監査上の重要性
一般的には、脱漏を含む虚偽表示は、「個別に又は集計すると、当該財務諸表の利用者の経済的意思決定に影響を与える」と合理的に見込まれる場合に、重要性があると判断される。
注:重要性について判断するのは監査人である。財務諸表の利用者ではない。
■監査基準の改訂2002
★監査上の重要性について
監査上の重要性は、監査計画の策定と監査の実施、監査証拠の評価ならびに意見形成のすべてに関わる監査人の判断の規準であり、次のように適用される。

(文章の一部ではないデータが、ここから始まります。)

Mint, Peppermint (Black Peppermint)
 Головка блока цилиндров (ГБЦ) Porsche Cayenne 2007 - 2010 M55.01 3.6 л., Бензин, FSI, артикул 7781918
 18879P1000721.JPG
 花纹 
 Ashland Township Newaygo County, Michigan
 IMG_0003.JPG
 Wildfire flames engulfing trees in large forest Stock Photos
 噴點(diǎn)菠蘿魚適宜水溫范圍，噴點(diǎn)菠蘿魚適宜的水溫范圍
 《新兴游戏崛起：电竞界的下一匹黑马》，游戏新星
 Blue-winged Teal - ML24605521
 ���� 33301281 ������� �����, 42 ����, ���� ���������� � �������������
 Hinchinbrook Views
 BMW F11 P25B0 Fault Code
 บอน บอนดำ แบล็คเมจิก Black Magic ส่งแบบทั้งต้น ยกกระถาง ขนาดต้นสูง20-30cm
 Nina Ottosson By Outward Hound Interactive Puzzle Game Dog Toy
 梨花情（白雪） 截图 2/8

(1)監査人は、監査計画の策定に当たり、財務諸表の重要な虚偽の表示を看過しないようにするために、容認可能な重要性の基準値(通常は、金額的な数値が設けられる)を決定し、/これをもとに、達成すべき監査リスクの水準も勘案しながら、特定の勘定や取引について実施すべき監査手続、その実施の時期及び範囲を決定し、監査を実施する。
(2)監査人は、監査の実施の過程で判明した重要な虚偽の表示につながる可能性のある事項については、その金額的影響及び質的影響(例えば、少額であっても他の関連項目や次年度以降に重要な影響を与える可能性がある)を検討し、必要であれば、監査の実施の結果を見直したり、追加の監査手続を実施するが、このような金額的・質的影響の評価に関わる判断の規準も監査上の重要性の一部となる。
(3)監査人は、監査意見の形成に当たって、会計方針の選択やその適用方法、あるいは財務諸表の表示方法について不適切な事項がある場合に、/当該事項を除外した上で適正とするか又は財務諸表を不適正とするかを判断するが、/この判断の規準も監査上の重要性を構成する。
(4)監査人は、監査を実施する上で一部の監査手続を実施できなかったり、必要な証拠の提供を得られないなどの制約を受けた場合に、/当該事実が影響する事項を除外した上で意見を表明するか又は意見の表明をしないかを判断するが、/この場合の判断の規準も監査上の重要性の一部となる。
財務諸表の監査における監査上の重要性は、監査の計画から意見表明までの各局面で、監査人が職業的専門家としての判断を行うに当たり考慮すべき重要な要素である。
監査上の重要性は、監査計画の策定と監査の実施、監査証拠の評価並びに意見形成の各局面で、監査人が職業的専門家としての判断を行うに当たっての規準であり、監査人の責任を限定する機能を果たす。
監査上の重要性は、財務諸表の利用者の経済的意思決定に与える影響を考慮して判断される。